Provided entries:
────────────────────

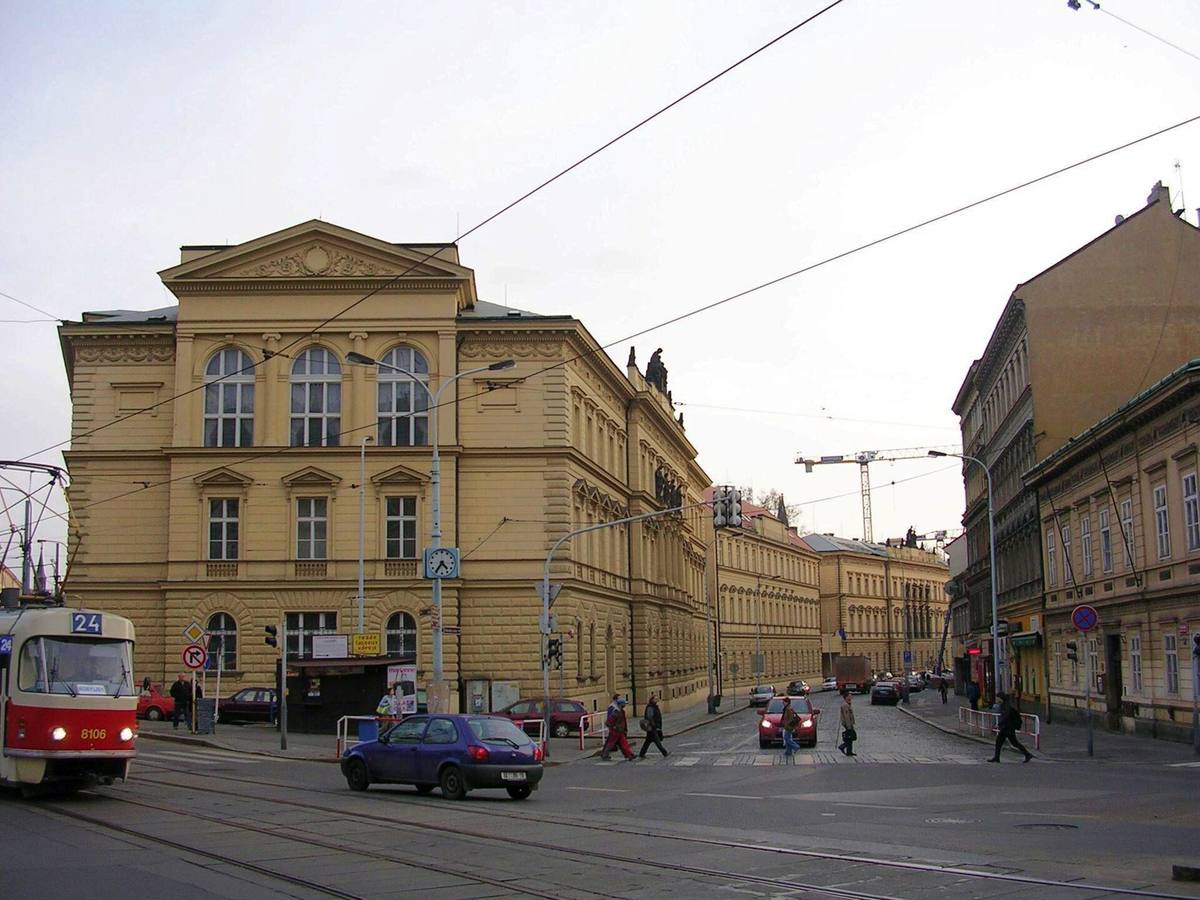 Budova Ministerstva spravedlnosti v Praze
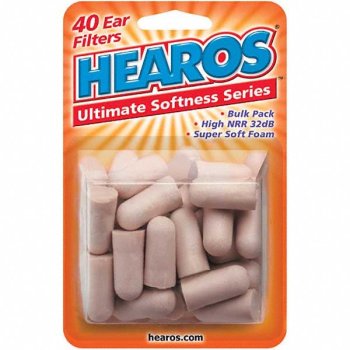 Hearos Bulk Pack 40 Ear Filters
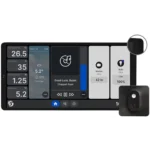 SHELLY WALL DISPLAY X2 + BLU H&T BLACK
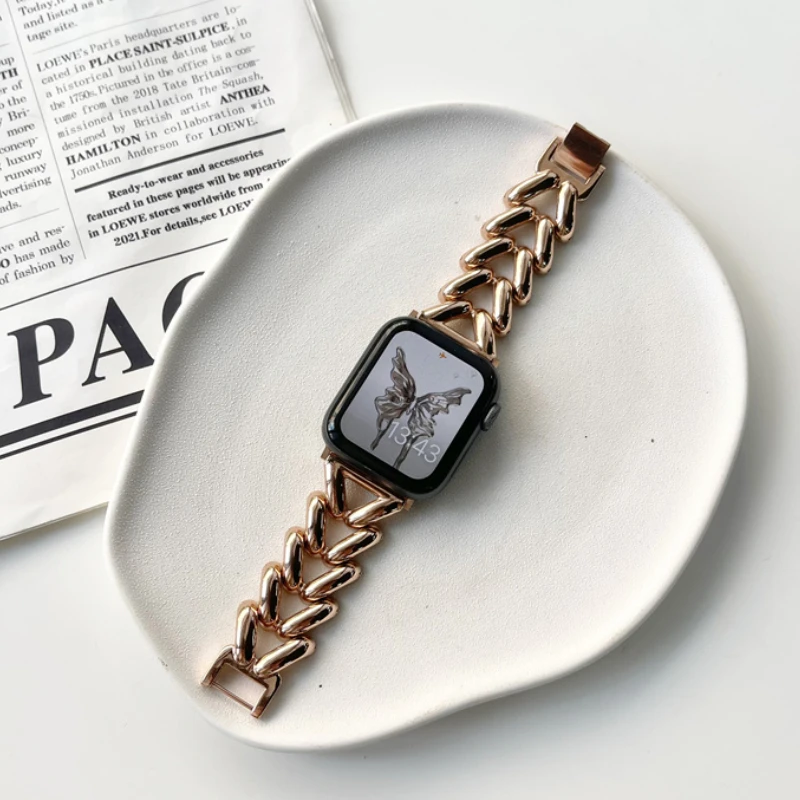 metal stainless steel strap for apple watchband 44mm 42mm Women bracelet 41mm 45mm correa apple watch serie 7 6 5 4 SE 40mm 38mm
metal stainless steel strap for apple watchband 44mm 42mm Women bracelet 41mm 45mm correa apple watch serie 7 6 5 4 SE 40mm 38mm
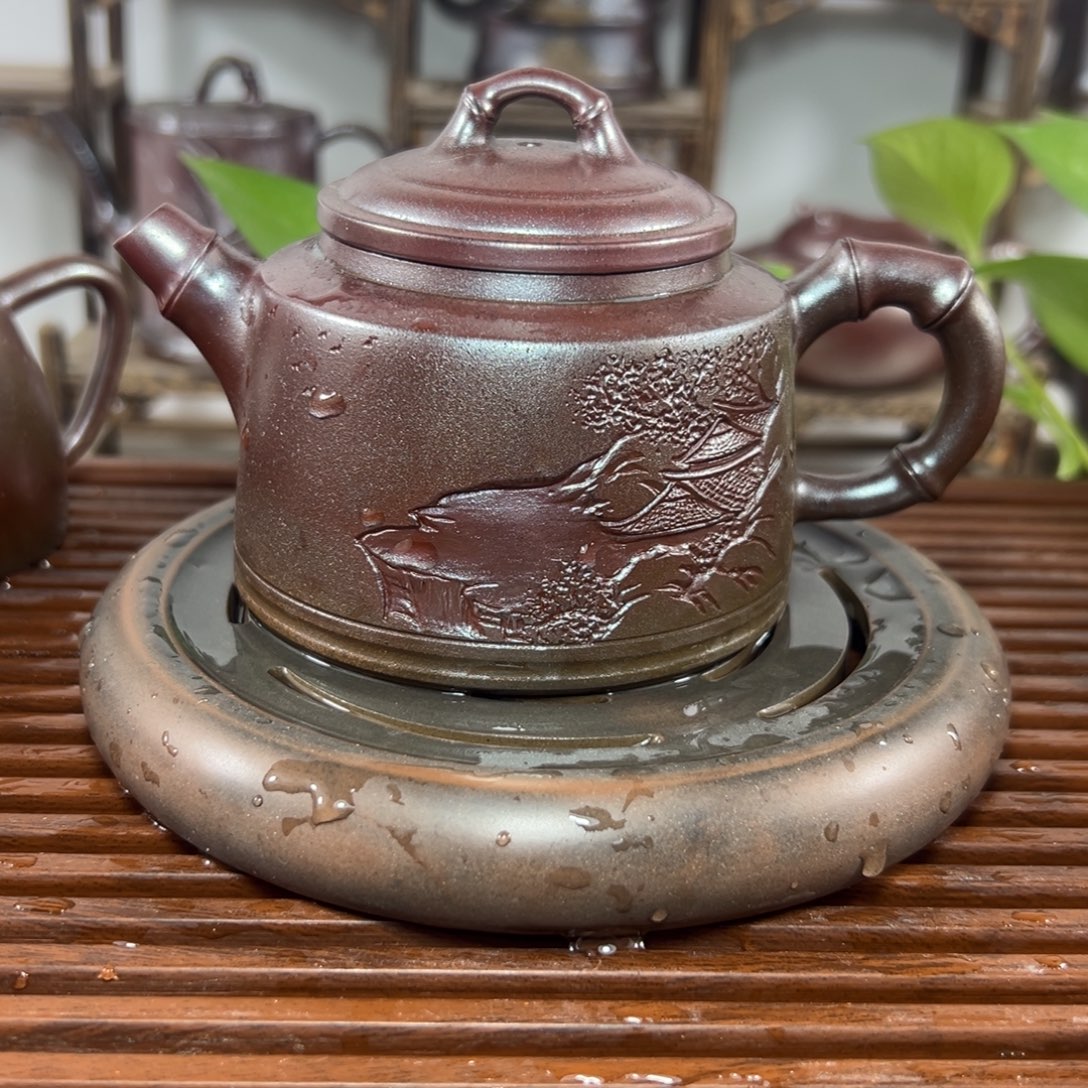 *****陶观澜柴烧顺丰包邮
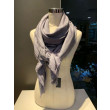 Monogram Classic Shine Shawl 140 grigio Monogram Classic Shine Shawl 140 grigio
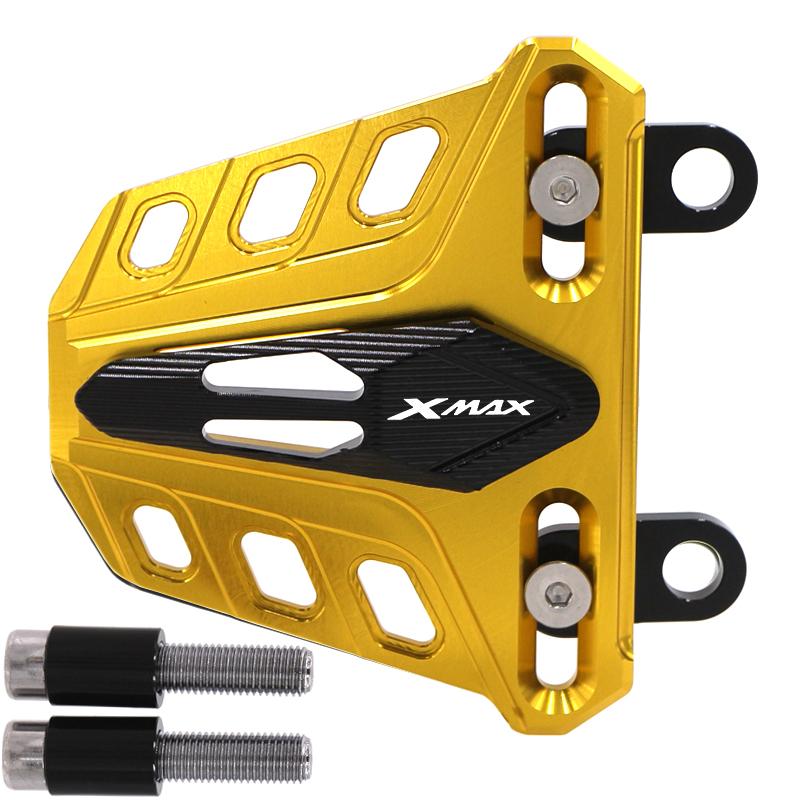 Motorcycles Protection Scooter Decorative Brake Pump Cover Front Disc For Yamaha XMAX300 TECH Xmax 125 300 250 400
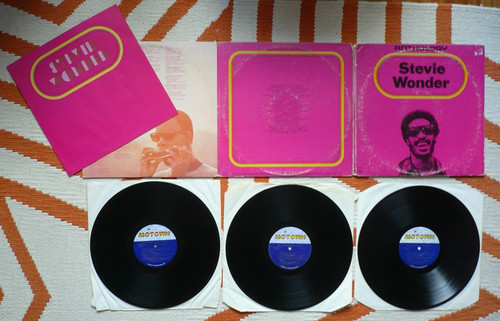 Stevie wonder anthology triple - stevie,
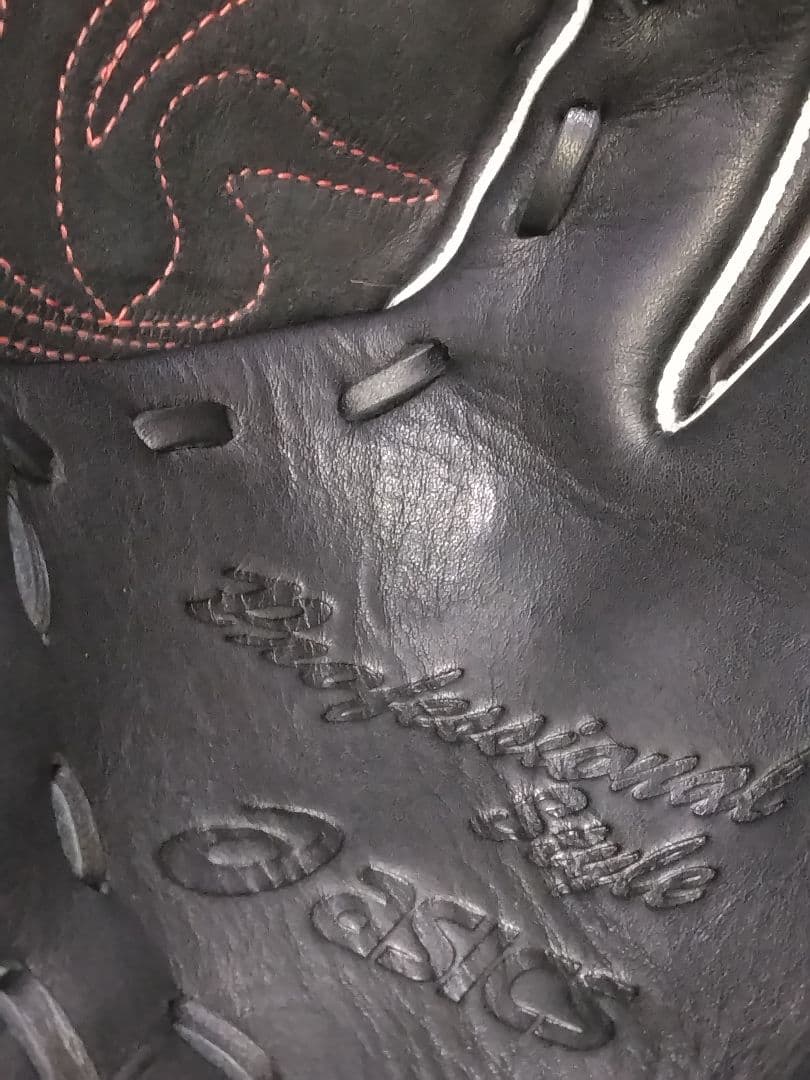 ASICS少年軟式ピッチャー用グラブ　ダルビッシュ有モデル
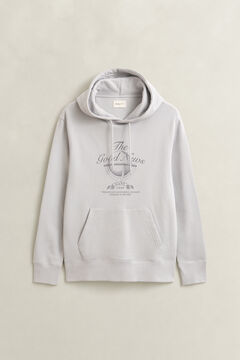 Seasonal Graphic Hoodie — HEATHER GREY 3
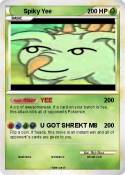 Spiky Yee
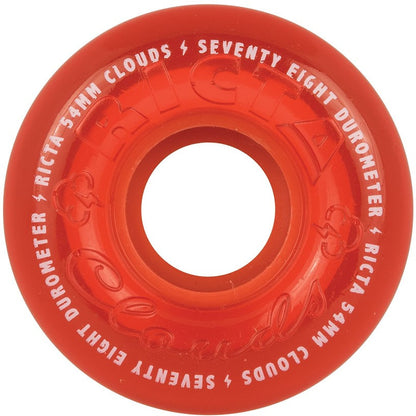54mm Ricta Clouds Red/Black 92a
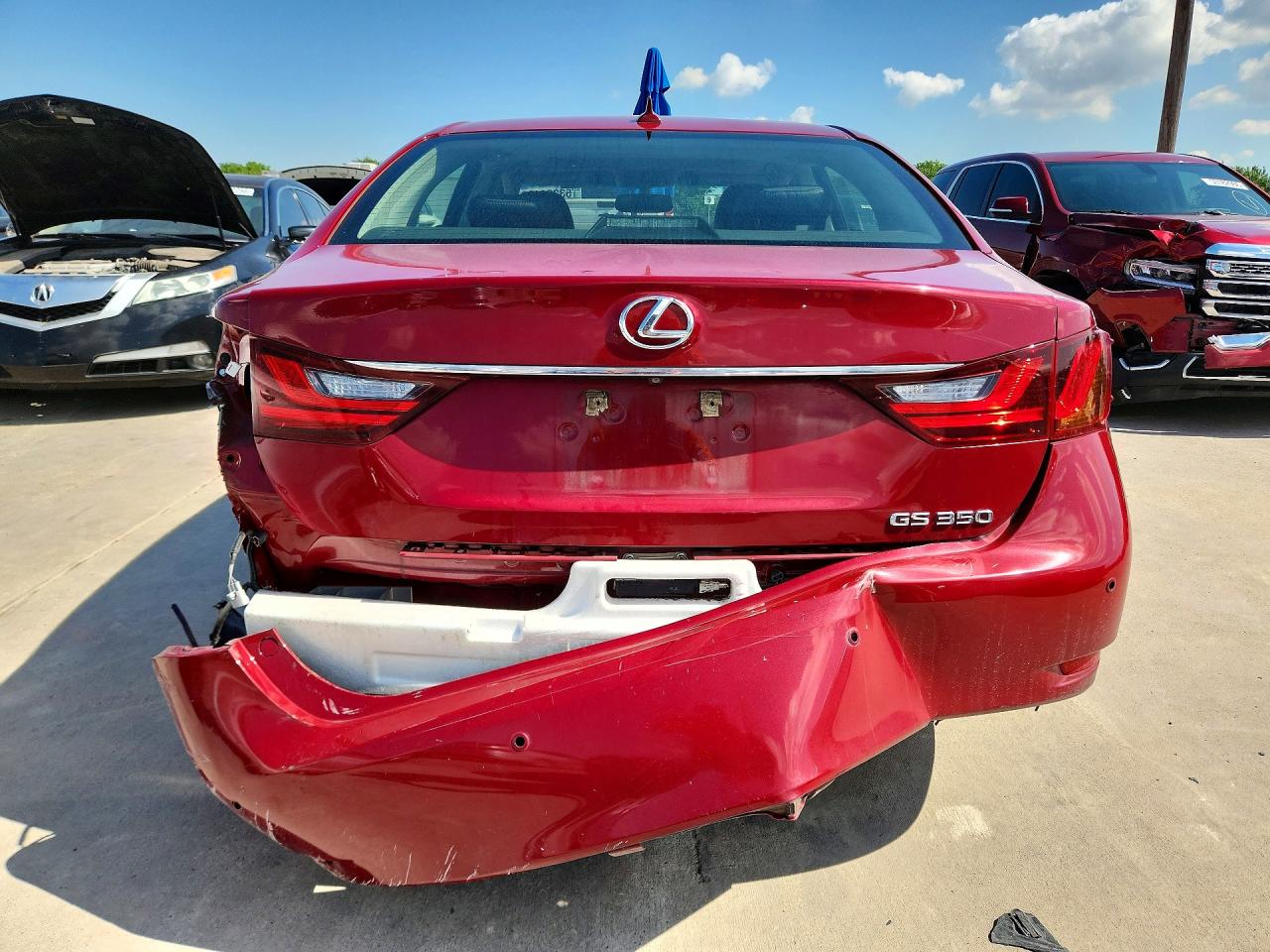 Lexus Gs 350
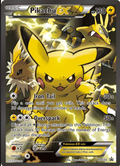 Pikachu EX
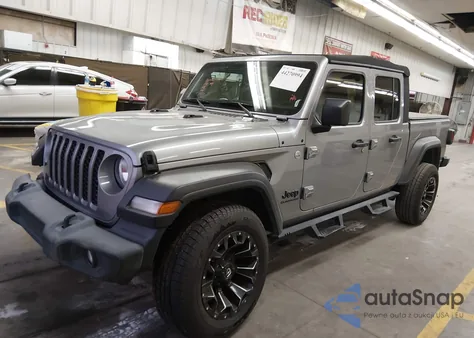2020 Jeep Gladiator Sport S 4X4 from USA, damaged, VIN 1C6HJTAG2LL151221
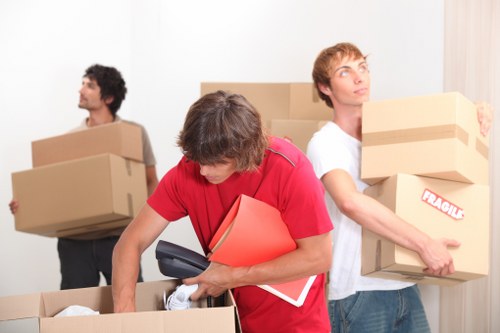 Free quote process for a Brompton house move with access considerations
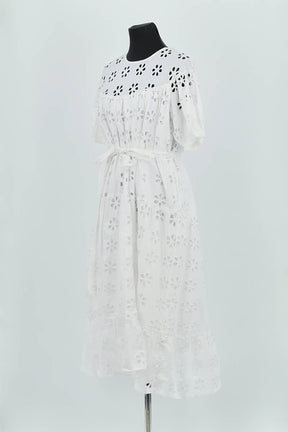 Maxi LK Bennett  Blanc
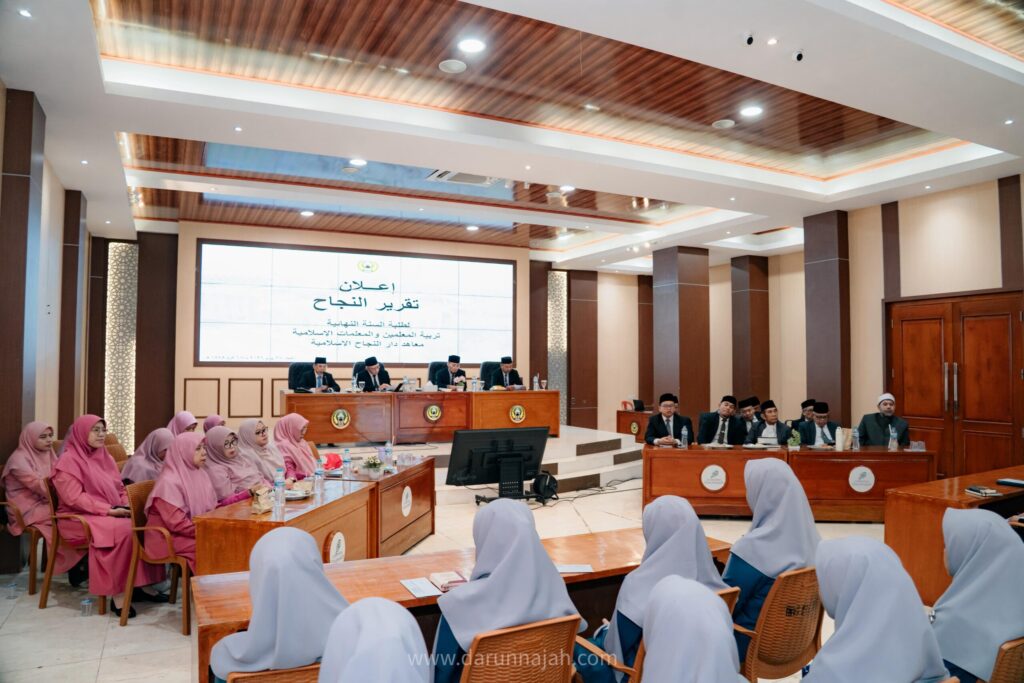 Menuju Haflatut Takhorruj, Santri Akhir Darunnajah Ikuti Yudisium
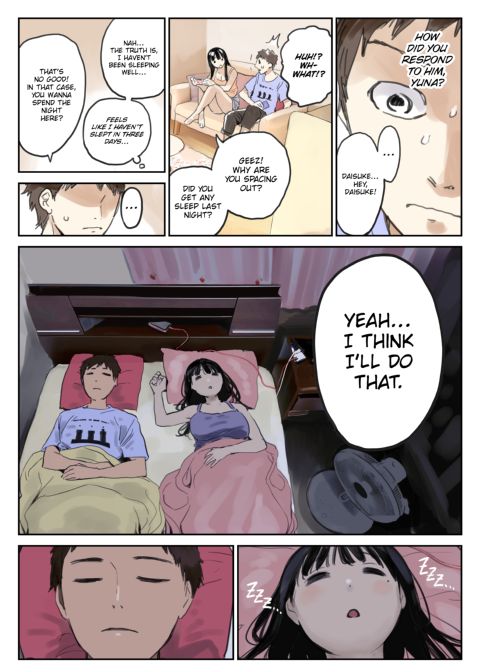 I Only Intended to Peek Through My Girlfriend's Phone 2 Chapter 1 page 9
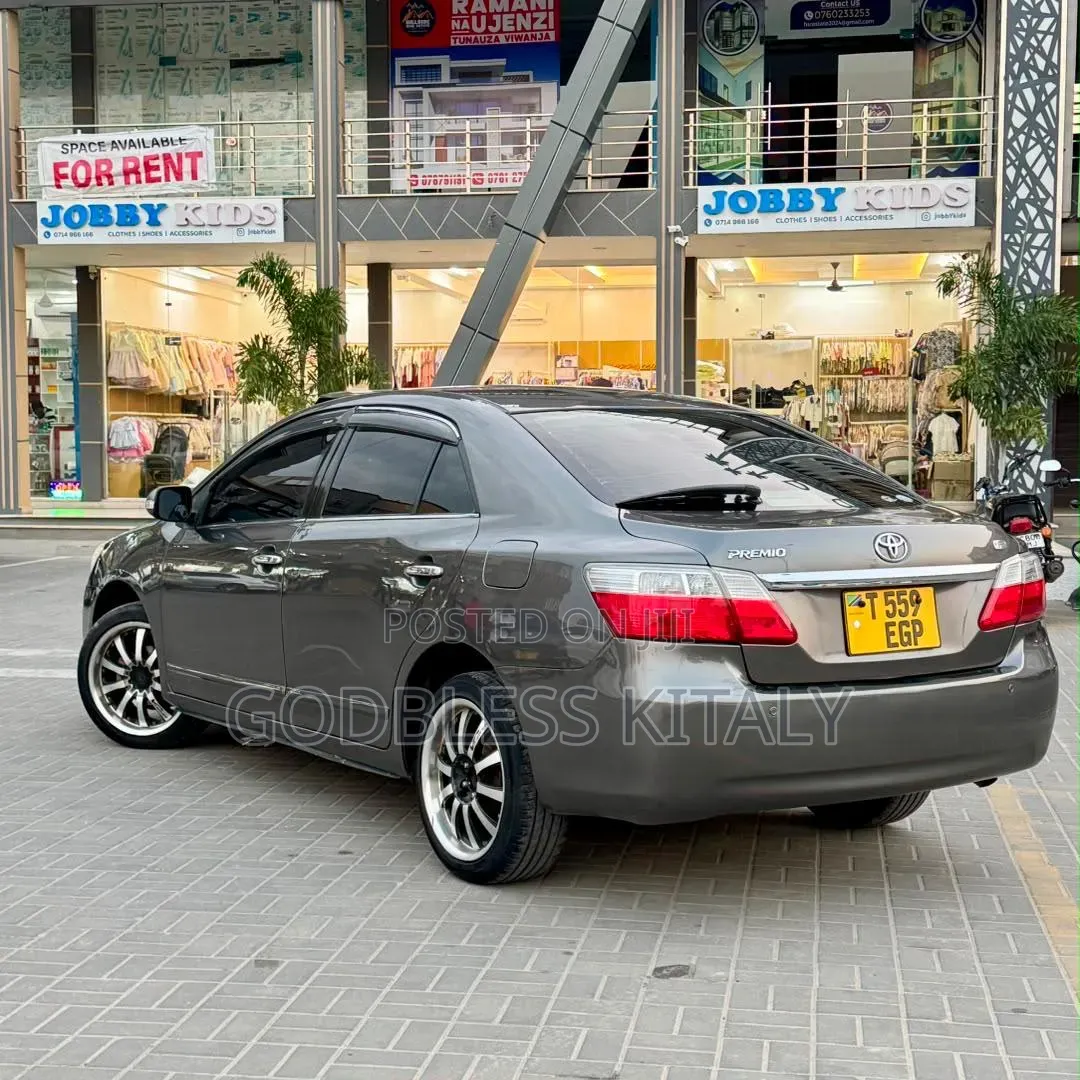 Toyota Premio 2008 Gray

────────────────────

Requirement: All lines above between the line that contains "Menuju Haflatut Takhorruj, Santri" and the last line of the entries, both included, must be transcribed exactly. No pictures are to appear.

Expected output:
 Menuju Haflatut Takhorruj, Santri Akhir Darunnajah Ikuti Yudisium
 I Only Intended to Peek Through My Girlfriend's Phone 2 Chapter 1 page 9
 Toyota Premio 2008 Gray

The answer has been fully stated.